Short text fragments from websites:
>>
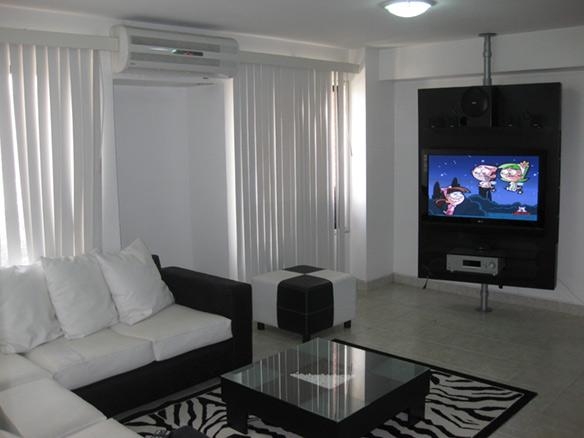 Imagen general del Hotel APARTAMENTOS EXECUTIVE FLATS. Foto 2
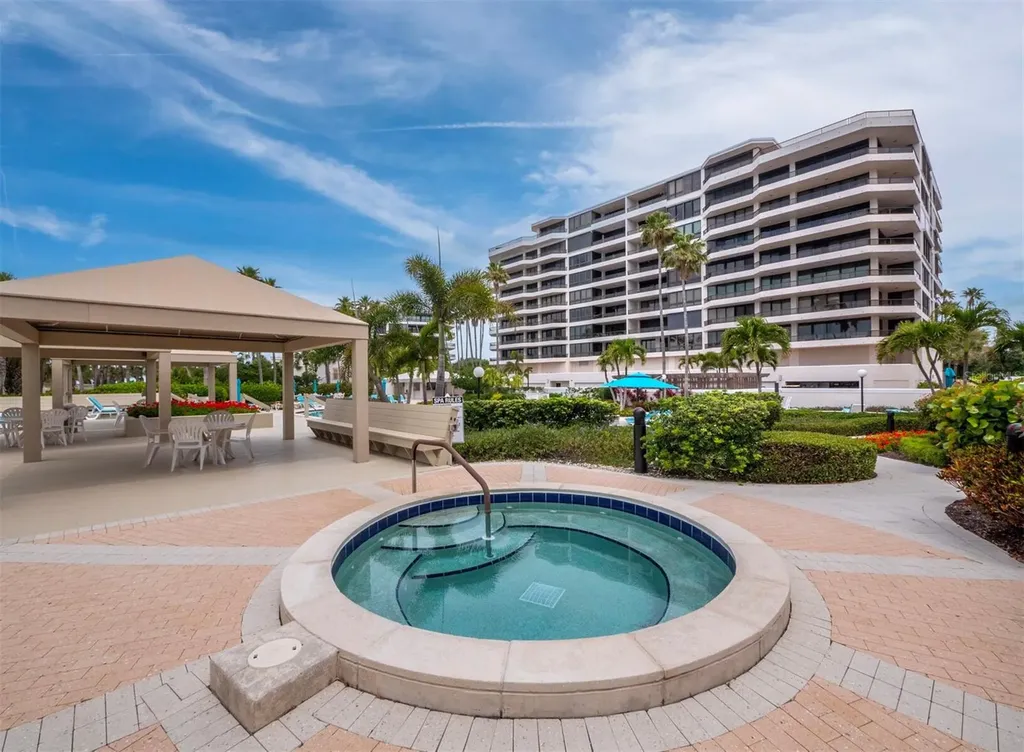 565 Sanctuary Drive Longboat Key FL 34228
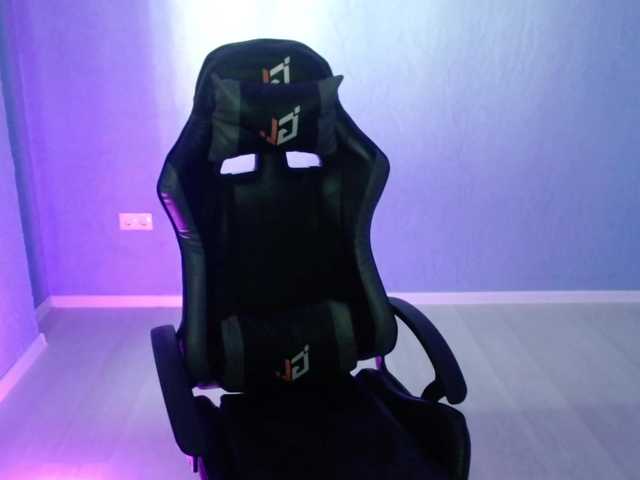 FalconFamily's BongaCams show and profile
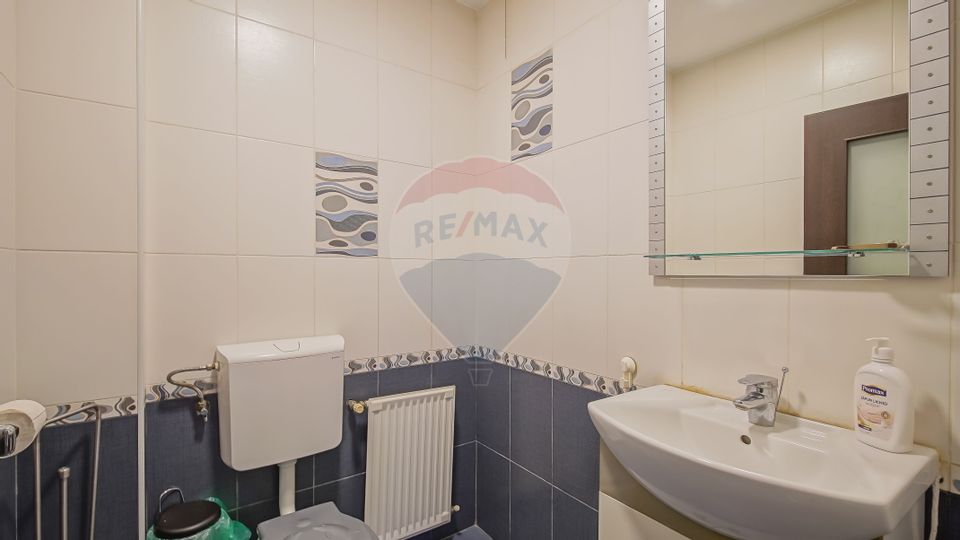 6 room House / Villa for sale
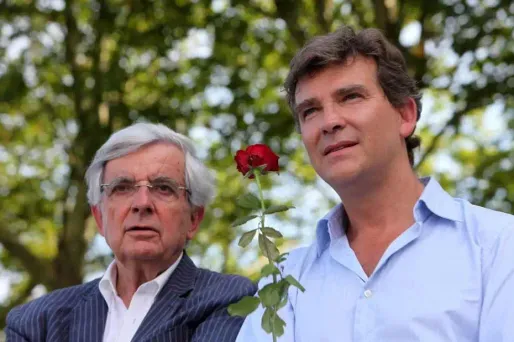 Jean-Pierre Chevènement a cité Arnaud Montebourg comme ayant des idées "proches des siennes".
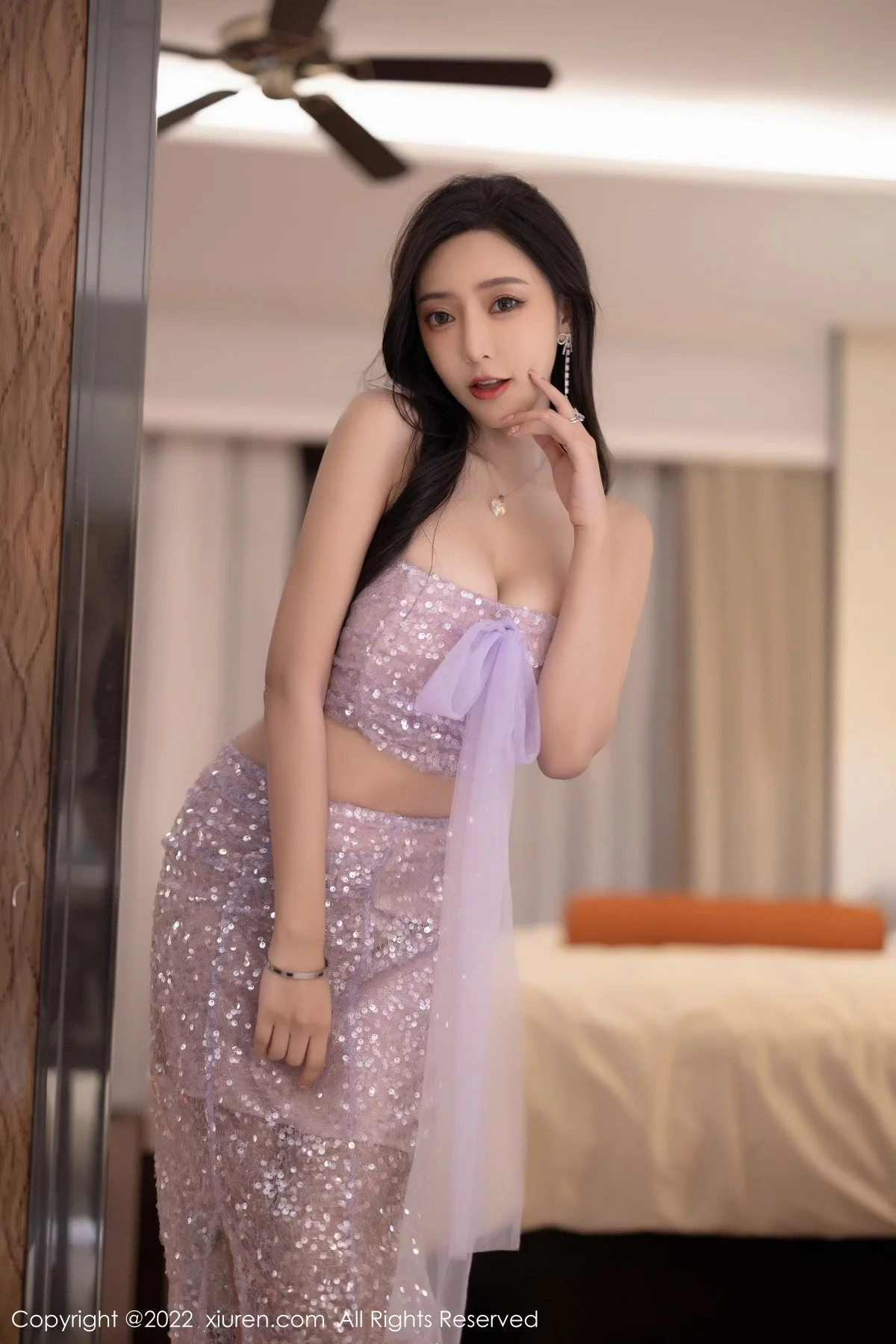 [[XiuRen秀人网]秀人网]No.5161_女神王馨瑶yanni厦门旅拍黑色轻透内衣配黑丝吊袜完美诱惑写真90P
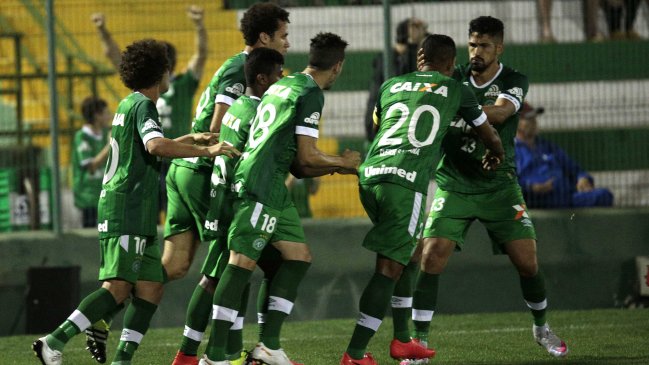 Chapecoense y Defensor Sporting avanzaron a cuartos de final de la Copa Sudamericana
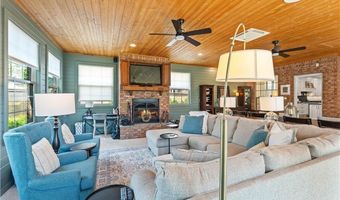 5204 SW Ridge Mont Rd, Bentonville, AR 72713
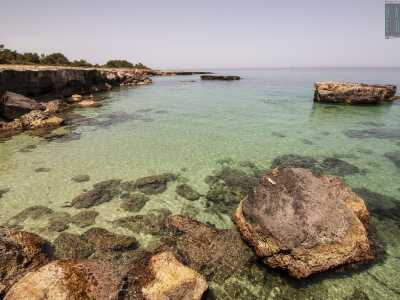 ...l�acqua diventa bassissima e trasparente, i colori virano sul verde e ci si ritrova davanti a un paesaggio �tropicale�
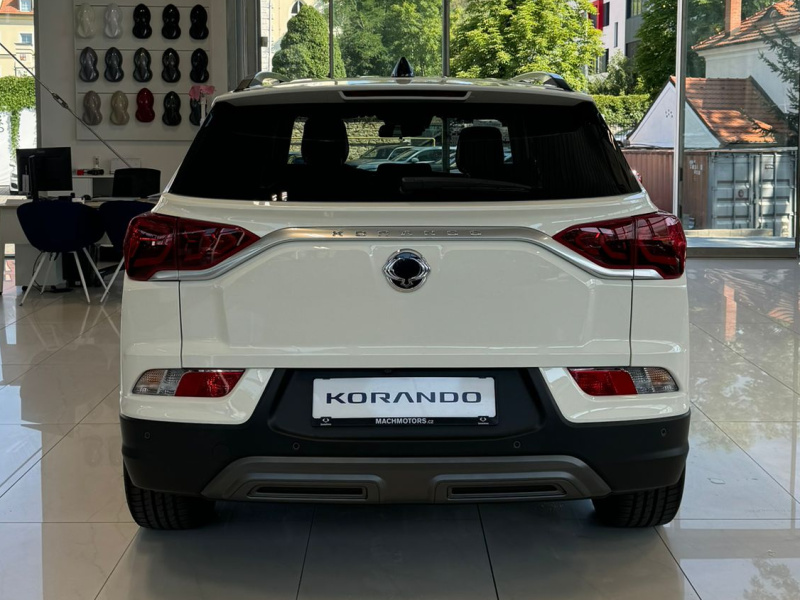 KGM Korando C313 MY24 STYLE+ SUV 1.5 e-XGi - 63265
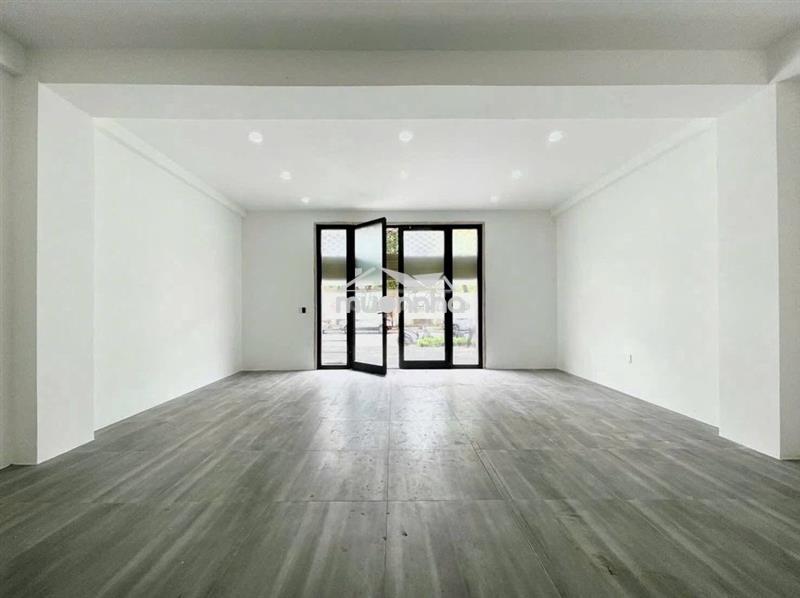 Mặt bằng 7x20m - chổ đậu oto thuận tiện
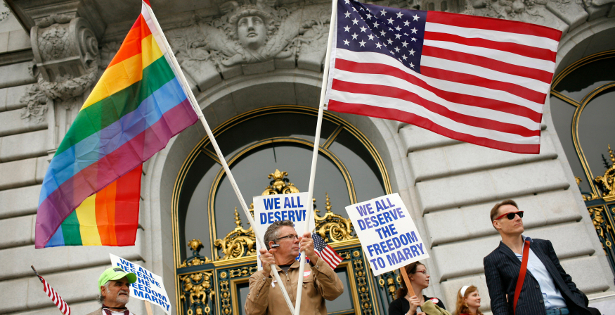 Most U.S. citizens expect the Supreme Court to grant the right to get married to homosexuals.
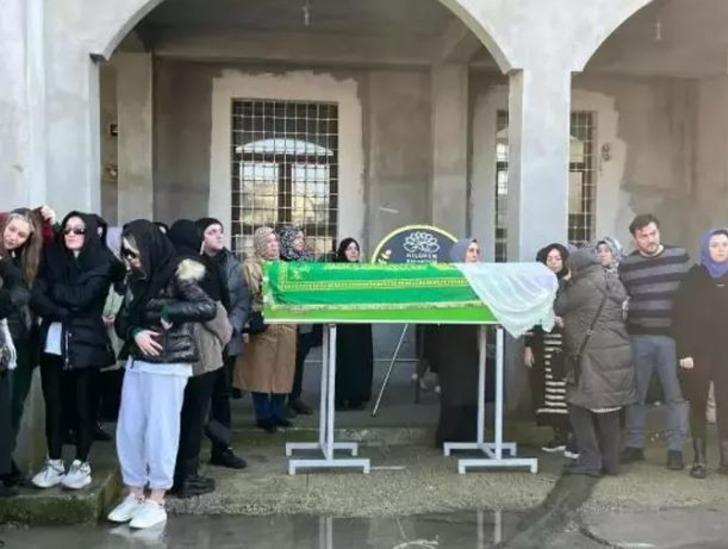 Esra Akman'ın kardeşi 11. kattan düştü! Özlem Akman'ın düşme sonrası anı kameraya kaydedildi! Kan donduran anlar G5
<<
▶ EXERCISE
Output each entry above word for word. The pictures stay out.

▶ WRITTEN ANSWER
 Imagen general del Hotel APARTAMENTOS EXECUTIVE FLATS. Foto 2
 565 Sanctuary Drive Longboat Key FL 34228
 FalconFamily's BongaCams show and profile
 6 room House / Villa for sale
 Jean-Pierre Chevènement a cité Arnaud Montebourg comme ayant des idées "proches des siennes".
 [[XiuRen秀人网]秀人网]No.5161_女神王馨瑶yanni厦门旅拍黑色轻透内衣配黑丝吊袜完美诱惑写真90P
 Chapecoense y Defensor Sporting avanzaron a cuartos de final de la Copa Sudamericana
 5204 SW Ridge Mont Rd, Bentonville, AR 72713
 ...l�acqua diventa bassissima e trasparente, i colori virano sul verde e ci si ritrova davanti a un paesaggio �tropicale�
 KGM Korando C313 MY24 STYLE+ SUV 1.5 e-XGi - 63265
 Mặt bằng 7x20m - chổ đậu oto thuận tiện
 Most U.S. citizens expect the Supreme Court to grant the right to get married to homosexuals.
 Esra Akman'ın kardeşi 11. kattan düştü! Özlem Akman'ın düşme sonrası anı kameraya kaydedildi! Kan donduran anlar G5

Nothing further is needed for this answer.